**Brief**.
When you reach the line containing "ガーターフォーク メイドインビー製 スティード400用/スプリンガー" in the records below, start copying exactly, and stop once you have copied the line containing "Cuff Logo black".

++++ Data provided

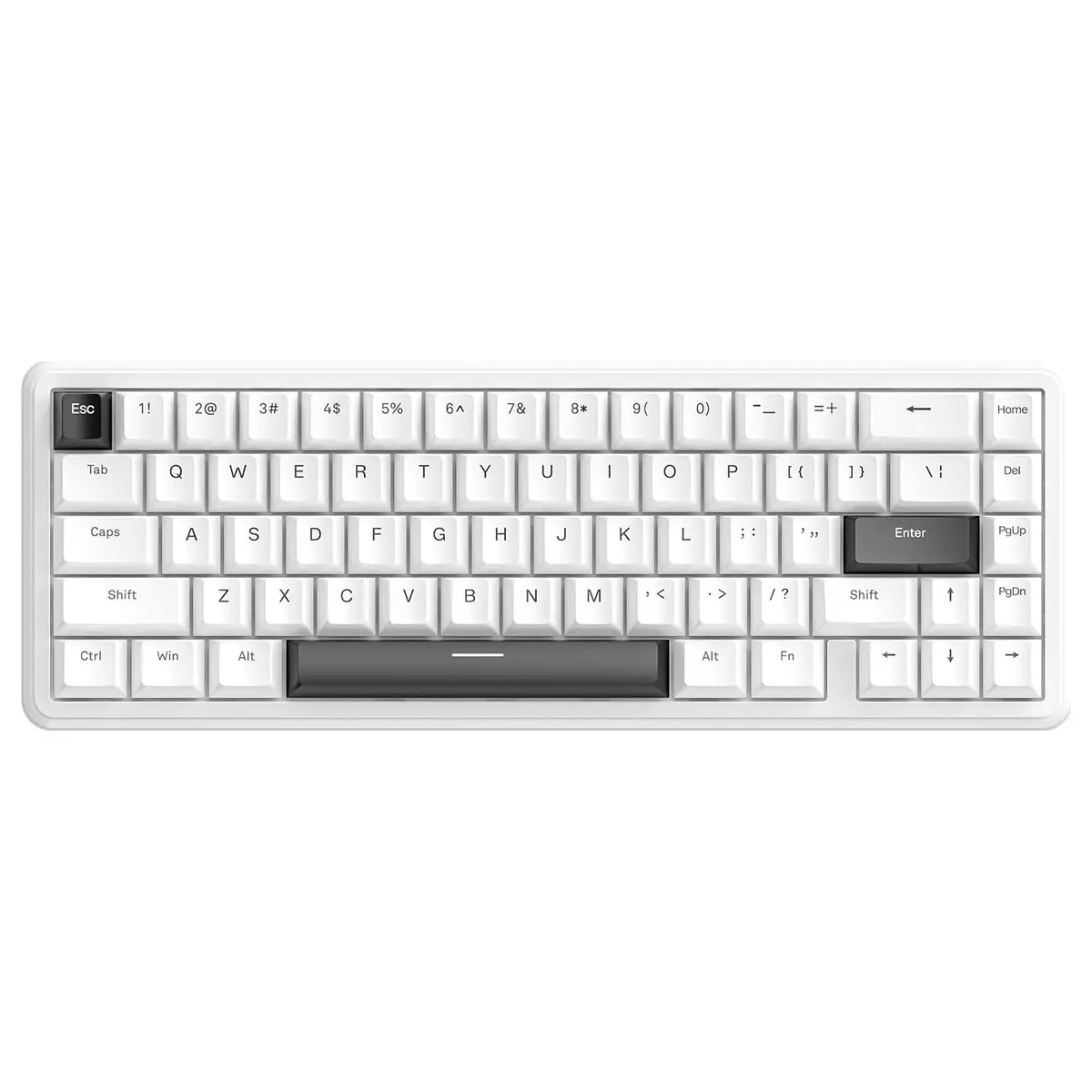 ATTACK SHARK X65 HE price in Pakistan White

++++++++
++++ Data provided

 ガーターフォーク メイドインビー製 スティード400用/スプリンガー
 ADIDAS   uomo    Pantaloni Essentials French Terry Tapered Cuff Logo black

++++++++
++++ Data provided

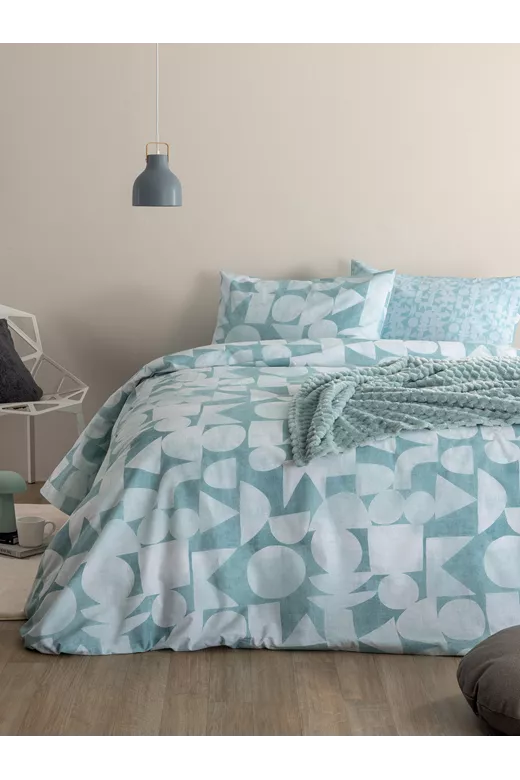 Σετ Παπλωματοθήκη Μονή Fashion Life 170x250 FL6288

++++++++

**Exercise solution**.
 ガーターフォーク メイドインビー製 スティード400用/スプリンガー
 ADIDAS   uomo    Pantaloni Essentials French Terry Tapered Cuff Logo black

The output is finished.